Dottore

191 2 0
                                    

I tre agenti entrarono un po' nervosi nell'ufficio del detective Kogoro. Si aspettavano che sarebbe stato uno spettacolo orribile da vedere, soprattutto perché comunque si trattava di un loro grande amico, che li aveva aiutati nei casi più difficili e che avevano imparato a conoscere.

La reazione infatti fu proprio quella che si aspettavano. Appena aperta la porta, videro quello scempio e rimasero parecchio turbati.

Il corpo del detective era ancora seduto sulla sedia girevole, afflosciato e con un'impressionate ferita alla tempia, gli occhi ancora spalancati. Il sangue era schizzato ovunque e aveva anche iniziato a colare sulla sedia. Dal lato opposto opposto dell'ufficio c'era ancora il buco del proiettile, con quel letale cilindro di metallo ancora conficcato dentro.

Sato fece un respiro profondo e il fastidioso odore di sangue le inondò le narici, facendole salire un conato di vomito che però trattene.

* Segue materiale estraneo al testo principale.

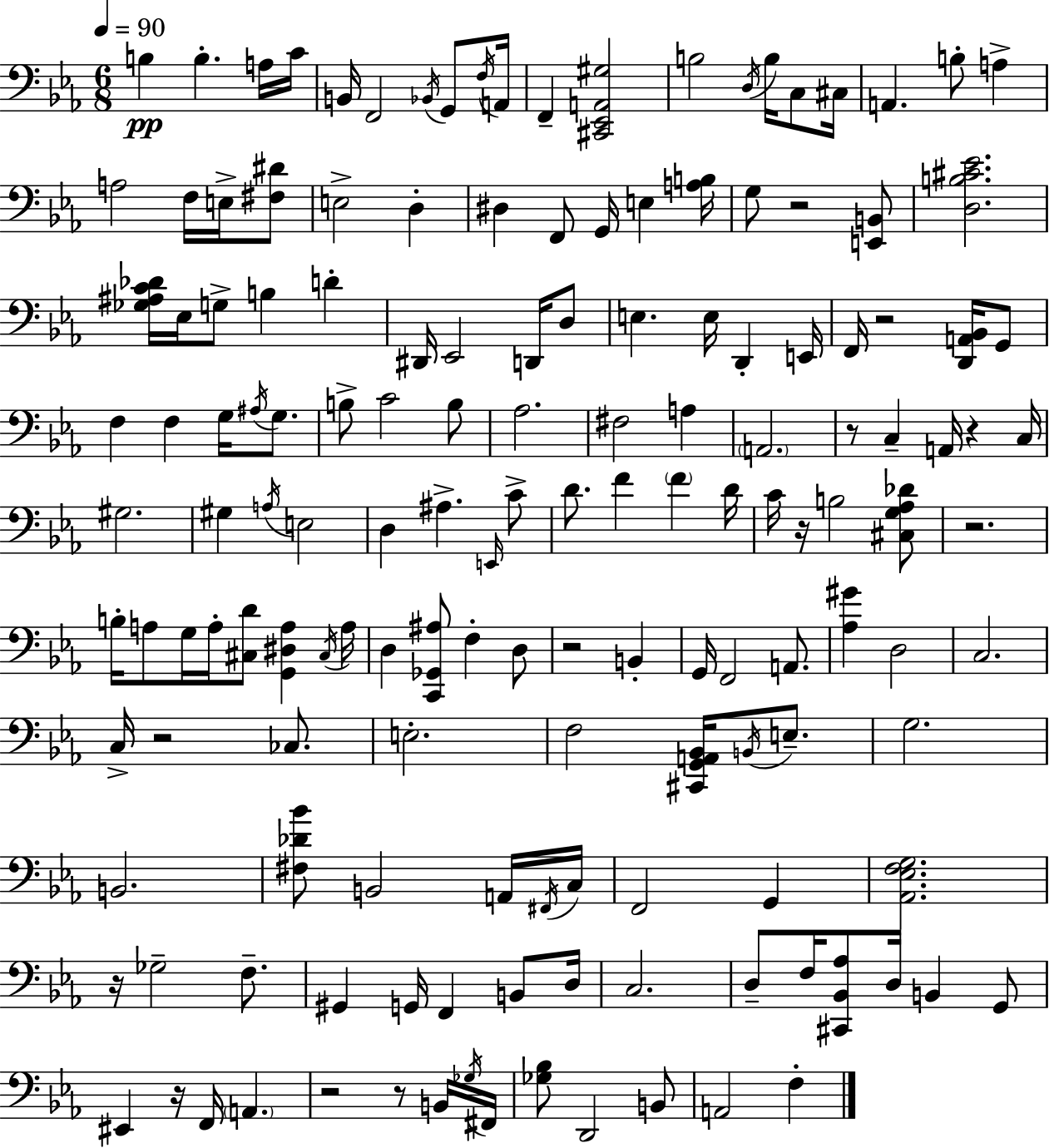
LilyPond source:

{
  \clef bass
  \numericTimeSignature
  \time 6/8
  \key c \minor
  \tempo 4 = 90
  b4\pp b4.-. a16 c'16 | b,16 f,2 \acciaccatura { bes,16 } g,8 | \acciaccatura { f16 } a,16 f,4-- <cis, ees, a, gis>2 | b2 \acciaccatura { d16 } b16 | \break c8 cis16 a,4. b8-. a4-> | a2 f16 | e16-> <fis dis'>8 e2-> d4-. | dis4 f,8 g,16 e4 | \break <a b>16 g8 r2 | <e, b,>8 <d b cis' ees'>2. | <ges ais c' des'>16 ees16 g8-> b4 d'4-. | dis,16 ees,2 | \break d,16 d8 e4. e16 d,4-. | e,16 f,16 r2 | <d, a, bes,>16 g,8 f4 f4 g16 | \acciaccatura { ais16 } g8. b8-> c'2 | \break b8 aes2. | fis2 | a4 \parenthesize a,2. | r8 c4-- a,16 r4 | \break c16 gis2. | gis4 \acciaccatura { a16 } e2 | d4 ais4.-> | \grace { e,16 } c'8-> d'8. f'4 | \break \parenthesize f'4 d'16 c'16 r16 b2 | <cis g aes des'>8 r2. | b16-. a8 g16 a16-. <cis d'>8 | <g, dis a>4 \acciaccatura { cis16 } a16 d4 <c, ges, ais>8 | \break f4-. d8 r2 | b,4-. g,16 f,2 | a,8. <aes gis'>4 d2 | c2. | \break c16-> r2 | ces8. e2.-. | f2 | <cis, g, a, bes,>16 \acciaccatura { b,16 } e8.-- g2. | \break b,2. | <fis des' bes'>8 b,2 | a,16 \acciaccatura { fis,16 } c16 f,2 | g,4 <aes, ees f g>2. | \break r16 ges2-- | f8.-- gis,4 | g,16 f,4 b,8 d16 c2. | d8-- f16 | \break <cis, bes, aes>8 d16 b,4 g,8 eis,4 | r16 f,16 \parenthesize a,4. r2 | r8 b,16 \acciaccatura { ges16 } fis,16 <ges bes>8 | d,2 b,8 a,2 | \break f4-. \bar "|."
}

«Bene, mettiamoci a lavoro. Prima finiamo meglio è.» disse.

«Sì.» risposero all'unisono Chiba e Takagi al loro superiore.

Dopodiché il poliziotto robusto si mise a scattare delle foto sulla scena del crimine, da archiviare poi in commissariato.


«Siamo arrivati...» sussurrò Vermouth.

Non ebbe neanche il tempo di finire la frase che la donna uscì da una delle porte che davano sul corridoio. Una donna bellissima dalle curve mozzafiato e dall'indole spietata, che imbracciava un fucile.

Shuichi conosceva bene quella donna.

«Rye... È un piacere rivederti!» sorrise perfidamente la donna.

«La cosa non è reciproca, Lilith...» rispose l'uomo, rivolto al boss dell'organizzazione che per anni aveva cercato di annientare.

«Credo di immaginare per quale motivo tu sia qui...»

«Per decretare la parola fine alla tua follia!» disse deciso l'agente federale.

«Lo sai vero che io punto ad ucciderti, mentre tu come al solito vuoi solo sbattermi dentro?»

«Non esserne così sicura. Ho quasi ucciso Gin, nessuno mi vieta di far fuori te. Posso sempre dire ai miei superiori che l'ho fatto per legittima difesa.»

«Shuichi!» lo rimproverò la platinata vicino a lui.

L'uomo alzò gli occhi al cielo, scocciato.

«Eh va bene! - sospirò, per poi imbracciare il fucile. - Forza, spara. Tanto so che non ti arrenderai senza combattere.»

I due si misero uno di fronte all'altra. Sapevano bene che non era come avere una pistola, sapevano che chi avrebbe sparato per primo avrebbe ucciso o fermato il proprio avversario. Era un po' come quei film western in cui lo sceriffo e il bandito si affrontavano in una via polverosa di quelle città antiche in mezzo al deserto.

Shuichi lo sapeva bene, per questo motivo cercava di non dare a vedere il suo nervosismo. La donna che aveva di fronte era spietata e insaziabile, la conosceva bene e sapeva che se avesse esitato anche solo qualche secondo lei ne avrebbe approfittato. Per questo la sua tensione era al massimo.

Una gocciolina di sudore gli scivolò sulla tempia. Puntò il fucile e si leccò le labbra, pronto a colpire.

Due spari riecheggiarono nel corridoio.


«Amuro... Amuro devi rimanere sveglio!» disse Ran con tono preoccupato.

A quelle parole Camel spinse sull'acceleratore, mentre Heiji e Shinichi si voltarono verso il biondo, che stava ancora ansimando.